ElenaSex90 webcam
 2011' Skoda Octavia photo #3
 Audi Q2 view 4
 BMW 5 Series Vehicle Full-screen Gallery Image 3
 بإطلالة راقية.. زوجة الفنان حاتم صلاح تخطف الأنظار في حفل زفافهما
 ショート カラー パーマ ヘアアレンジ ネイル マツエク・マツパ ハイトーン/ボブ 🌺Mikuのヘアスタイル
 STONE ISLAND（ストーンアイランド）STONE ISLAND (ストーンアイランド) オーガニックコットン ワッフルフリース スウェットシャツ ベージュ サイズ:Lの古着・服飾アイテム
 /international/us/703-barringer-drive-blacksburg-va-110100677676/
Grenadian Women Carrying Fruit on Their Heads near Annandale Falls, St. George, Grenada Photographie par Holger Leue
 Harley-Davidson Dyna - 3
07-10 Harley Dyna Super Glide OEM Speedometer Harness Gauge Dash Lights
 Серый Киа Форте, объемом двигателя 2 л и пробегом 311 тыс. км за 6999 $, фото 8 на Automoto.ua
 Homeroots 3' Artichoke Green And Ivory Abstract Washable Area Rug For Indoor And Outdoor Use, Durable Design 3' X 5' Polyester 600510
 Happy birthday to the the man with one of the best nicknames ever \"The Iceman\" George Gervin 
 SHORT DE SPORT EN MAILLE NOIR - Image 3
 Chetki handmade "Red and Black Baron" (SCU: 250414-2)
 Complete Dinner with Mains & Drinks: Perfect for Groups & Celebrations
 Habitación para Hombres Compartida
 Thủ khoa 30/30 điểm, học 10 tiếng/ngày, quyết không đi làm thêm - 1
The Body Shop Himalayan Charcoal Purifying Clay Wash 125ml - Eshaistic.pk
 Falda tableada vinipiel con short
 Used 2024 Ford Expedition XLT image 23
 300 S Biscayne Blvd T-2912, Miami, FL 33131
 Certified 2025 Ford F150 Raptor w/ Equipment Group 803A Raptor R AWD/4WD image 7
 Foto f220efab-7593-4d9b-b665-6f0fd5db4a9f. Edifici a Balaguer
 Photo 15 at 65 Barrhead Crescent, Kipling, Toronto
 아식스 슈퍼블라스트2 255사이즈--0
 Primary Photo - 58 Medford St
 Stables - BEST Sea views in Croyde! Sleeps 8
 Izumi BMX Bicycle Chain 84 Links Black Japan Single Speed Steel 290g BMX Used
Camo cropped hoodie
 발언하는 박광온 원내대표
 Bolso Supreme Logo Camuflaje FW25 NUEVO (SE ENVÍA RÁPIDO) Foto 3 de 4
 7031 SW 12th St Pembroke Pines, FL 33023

## What the exercise asks
Write out, please, only the lines from the one with "Camo cropped hoodie" through the last line above, both included and unchanged.

## Finished exercise
Camo cropped hoodie
 발언하는 박광온 원내대표
 Bolso Supreme Logo Camuflaje FW25 NUEVO (SE ENVÍA RÁPIDO) Foto 3 de 4
 7031 SW 12th St Pembroke Pines, FL 33023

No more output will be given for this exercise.